Neither 3 nor 5, or even 4 and 6, were possible without protestantism IOTL.
IMO, you're right, there are cultural/social effects, but I'm less sure Protestantism was key. It was a central factor for Britain OTL, in developing the atmosphere allowing/encouraging innovation. AFAIK, it had nothing to do with capital formation: that was driven more by primogeniture (which is one major reason China never went the same way: the Chinese subdivided bequests, the Brits didn't, & so the first-born Brit could accumulate capital, & pass it on.)

Now, if you can manage to raise the standards of living earlier, you might get small enough families, or sons with enough capital, even in a system without primogeniture--but it's going to take doing without industry in the first place...
specialization with windmill towns
Given you're following a Chinese model (as it sounds like), two possibilities occur to me: vertical-axis turbines (eggbeater style), which are very much more efficient (& known to be around the 1109s in Europe), & high-altitude wind access by kites.

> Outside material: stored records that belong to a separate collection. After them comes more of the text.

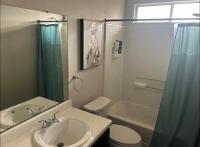 Cozy private room near COTA and Tesla - B&B Austin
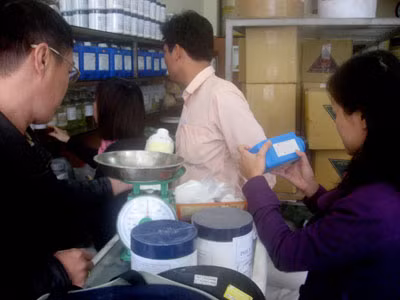 Đoàn kiểm tra liên ngành đang kiểm tra và lập biên bản niêm phong xử lý số hương liệu vi phạm của Công ty TNHH Phúc Đạt.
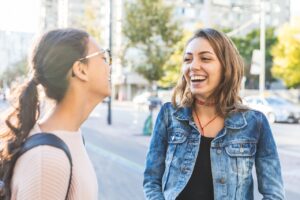 Read more about the article Spanish Conversation Starters: Breaking the Ice with Native Speakers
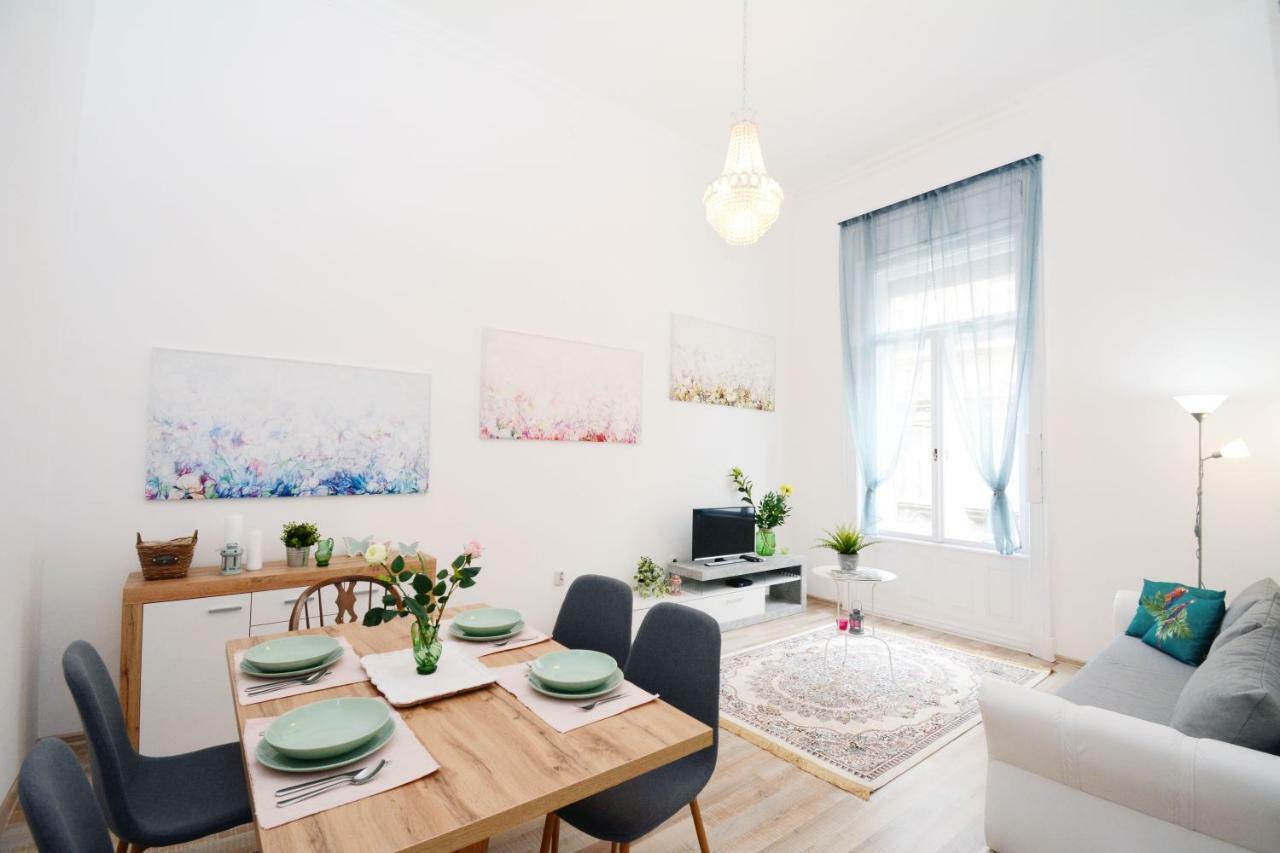 Lillybeth City Center Apartments Budapest Eksteriør billede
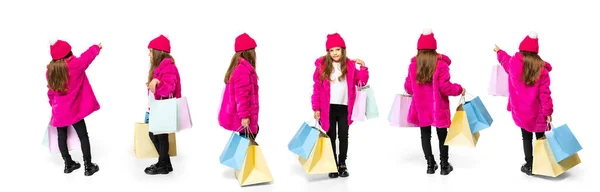 コラージュ スタイリッシュな女の子 白い背景に隔離された多くのショッピングバッグと立って明るい冬のジャケットの子供 ビッグシーズンの売り上げ ファッション 子供時代 — ストック写真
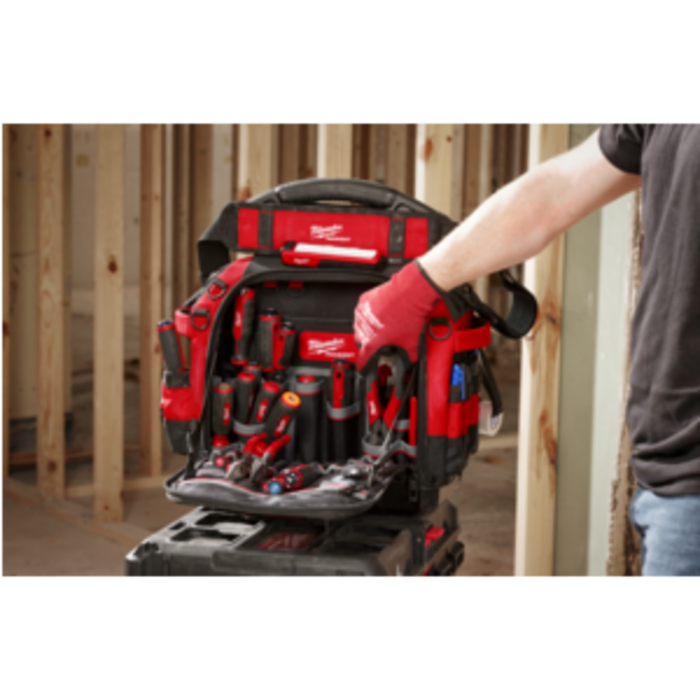 MILWAUKEE PACKOUT 38 cm Pro gereedschapstas gesloten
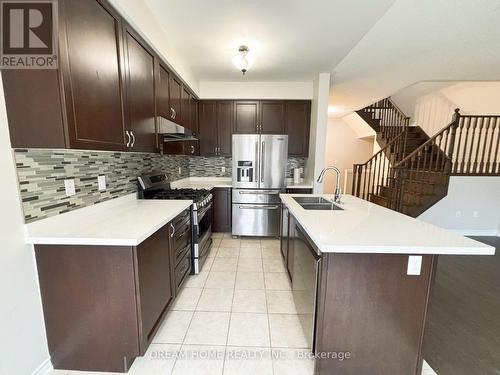 22 Memon Place, Markham, ON - Indoor Photo Showing Kitchen With Stainless Steel Kitchen With Double Sink With Upgraded Kitchen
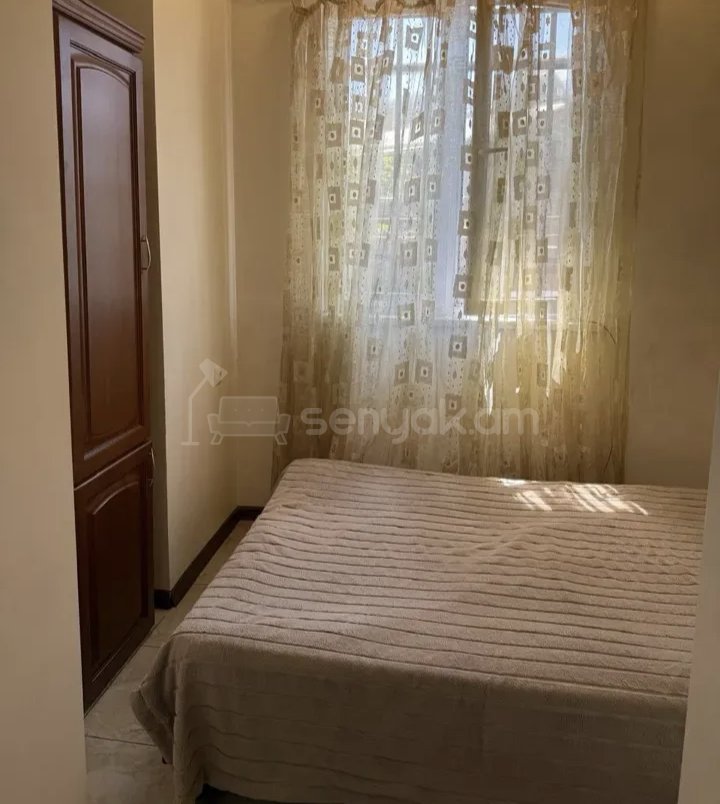 3 Սենյականոց Բնակարան Քարե Շենքում, 72քմ, 3/5 հարկ, Նորմալ Վիճակում, Կահավորված, Արևկող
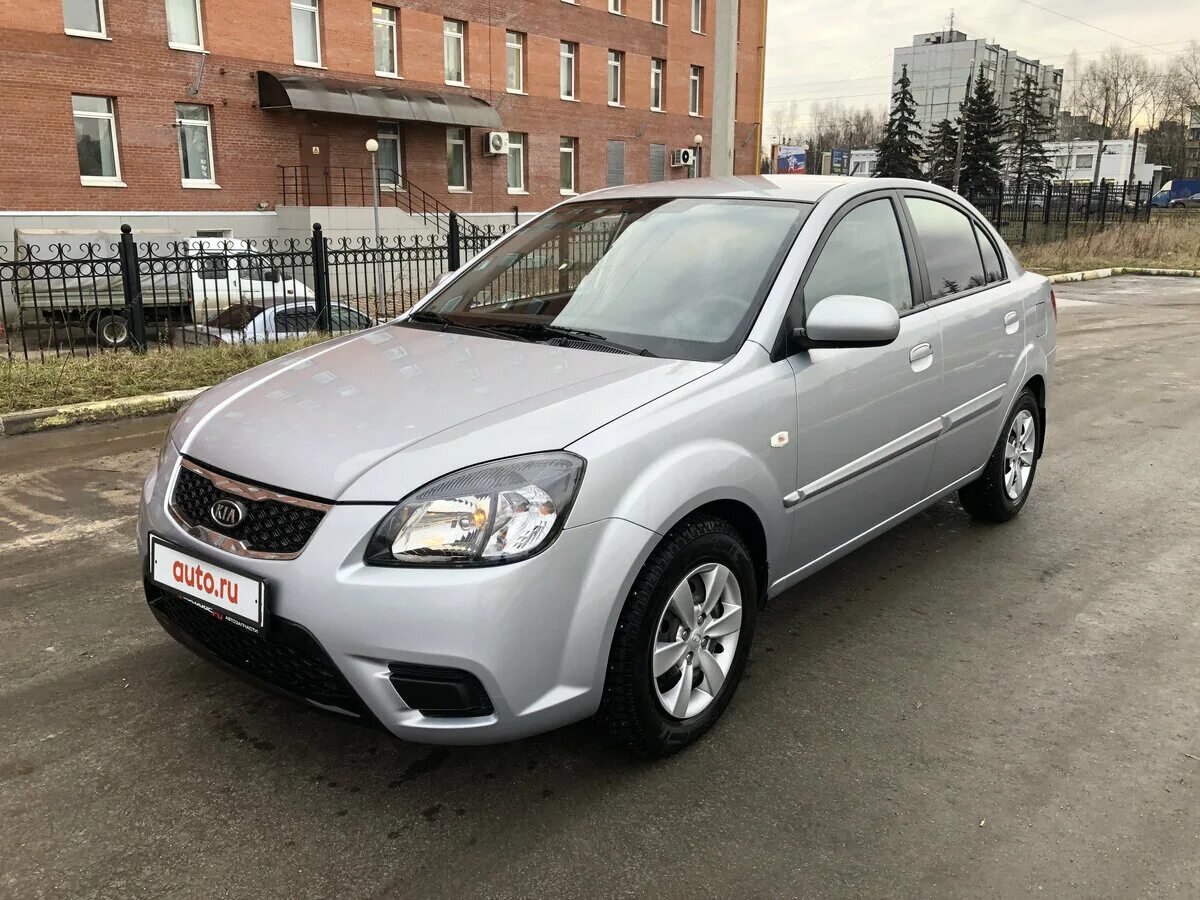 Купить кия рио 2. Kia Rio II 2010. Kia Rio 2 Рестайлинг. Kia Rio 2 2011. Kia Rio II Рестайлинг 2010.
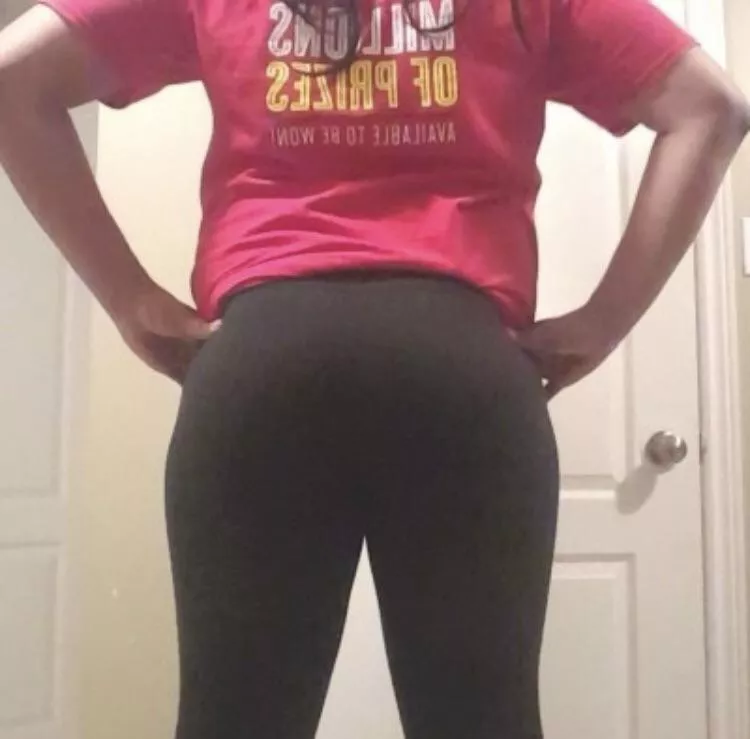 Comfy leggings :3 hehehehe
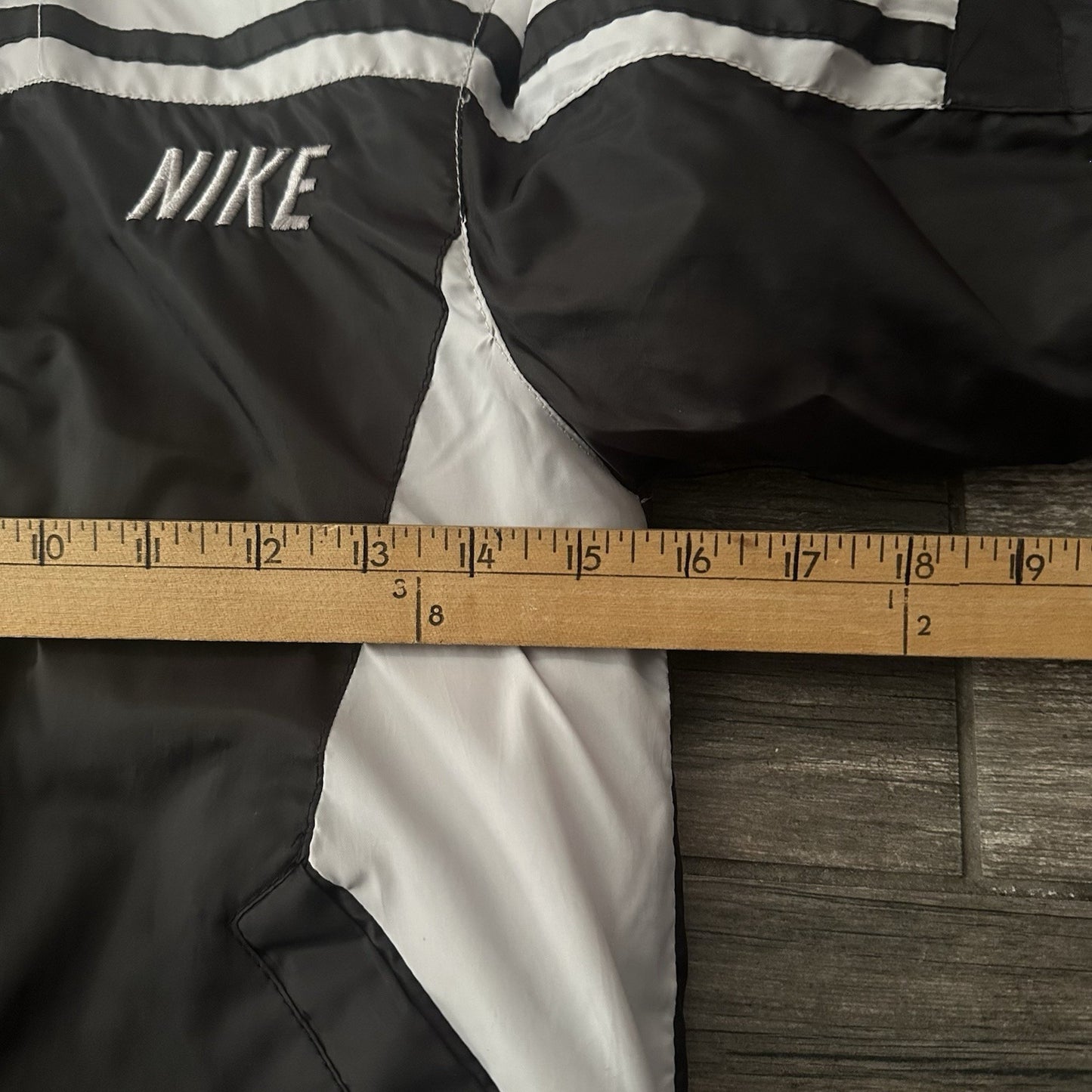 VTG Y2K NIKE FULL ZIP WINTER PUFFER JACKET COAT HOODED SZ YOUTH 7 BLACK GREY Yesterday's Fits Clothing Fashion Vintage Streetwear Fashion Item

would it be plausible for someone to create an oil powered steam engine?
I can't see why not. Oil lamps have been around a very, very long time, so oil as fuel isn't a new idea. (Petroleum is...so you might be starting with, frex, olive oil or whale oil.) AFAIK, steam engines, even the atmospheric (Newcomen) type, didn't care what the fuel was; coal had uses in manufacturing processes (for iron), but so did charcoal (for things before that), & taking a separate path for smelting or iron processing, & for powering engines, doesn't seem outrageous.

Edit:
industrialization could have occurred in ship building or weapons manufacturing. But production was inconsistent and could be "drafted" by monarchs. There's no need to industrialize cannon manufacturing in this case.
I'm not seeing shipbuilding as a means; military shipping needs are so different from civil, there's not a lot of crossover.

In the mooted nation, with a population of 150 mil, the army might be large enough to create demand for thousands of crossbows (frex), & so hundreds of thousands of bolts, & millions of swords, not to mention armor. (Would armor necessarily be metal? No; it could be boiled leather, or, in Chinese context, lacquered folded paper {believe it, or not}.)

Would demand for swords (frex) be enough to support an early industrial society? Maybe not--but it would spark a lot of spinoffs that might. And I'll confess, if there's enough shipbuilding, deforestation might lead to demand for new fuels, & shipbuilding materials...; I'm less sure that's a direct route, & not an ultimate dead end.

Edit 2:
OTL equivalent seems to have allowed authors to copyright books and allowed corporations to copyright symbols pertaining to their company. Seems there is no record of patents for inventions through.
It's not that simple. It's about rule of law: knowing contracts are enforceable, knowing your factory can't be seized by the government at will, knowing bribery isn't a given. Compare modern Russia to 18th or 19th Century Britain

Edit 3:
Humanity progressively becomes more Eldritch
Am I seeing an evolution toward disembodied intelligence, here? That's pure nonsense. Once people have effective control over their environment (& we already do), biological evolution stops: it's not needed anymore. It's replaced by cultural evolution (technology, social norms, & such).